The 2009 Superleague Formula season was the second Superleague Formula championship. The series was rebranded the "Superleague Formula by Sonangol" for this season and also 2010 with the Angolan oil company becoming the title sponsor. It began on June 28 at Magny-Cours and finished on November 8 at Jarama.
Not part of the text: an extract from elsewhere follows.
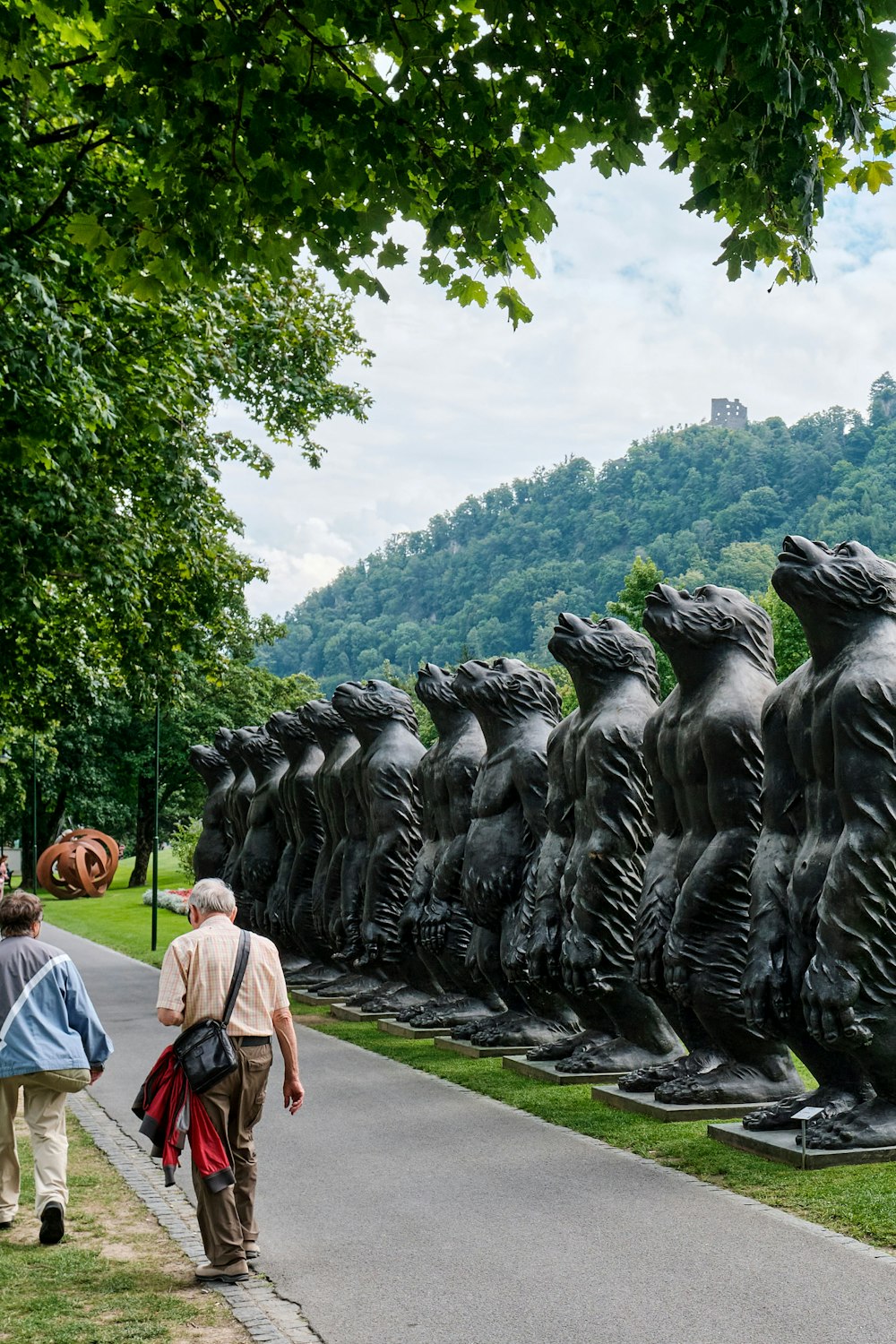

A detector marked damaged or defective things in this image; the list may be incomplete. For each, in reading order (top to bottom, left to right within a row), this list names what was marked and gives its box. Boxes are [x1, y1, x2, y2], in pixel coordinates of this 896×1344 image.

rusted metal sculpture [37, 823, 120, 898]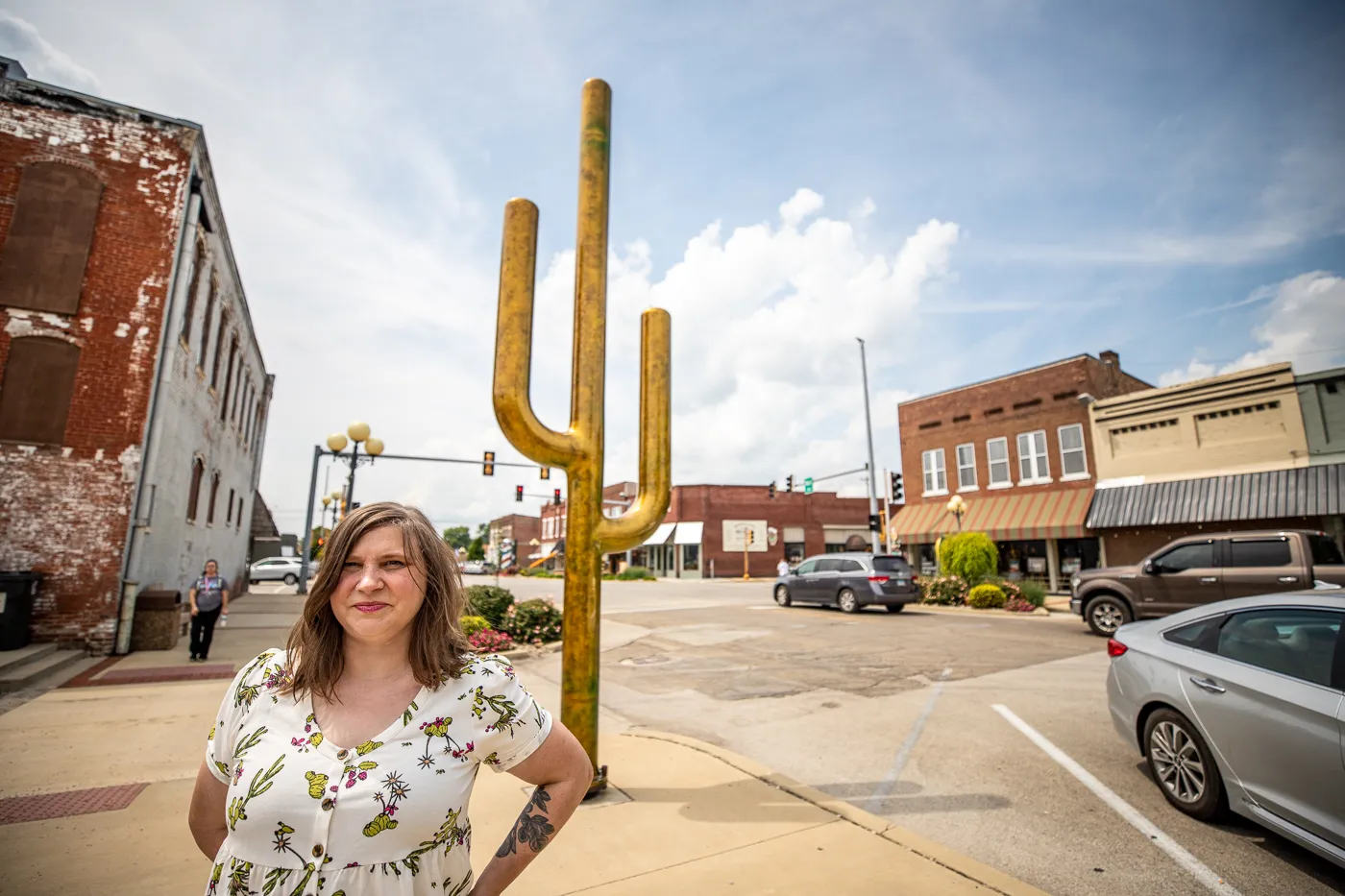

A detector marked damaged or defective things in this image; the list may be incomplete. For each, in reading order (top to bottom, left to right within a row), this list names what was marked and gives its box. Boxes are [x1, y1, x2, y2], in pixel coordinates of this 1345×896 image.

The field remained at 18 clubs for the 2009 season but Beijing Guoan did not return to try to retain the title which they won with Davide Rigon in 2008, however Rigon did return in the car of Olympiacos CFP despite GP2 commitments. In Estoril, María de Villota became the first woman to race in the series and Sébastien Bourdais became the most successful racing driver to enter the series having been dropped by Scuderia Toro Rosso just weeks earlier. Bourdais described Superleague as "the best alternative to F1".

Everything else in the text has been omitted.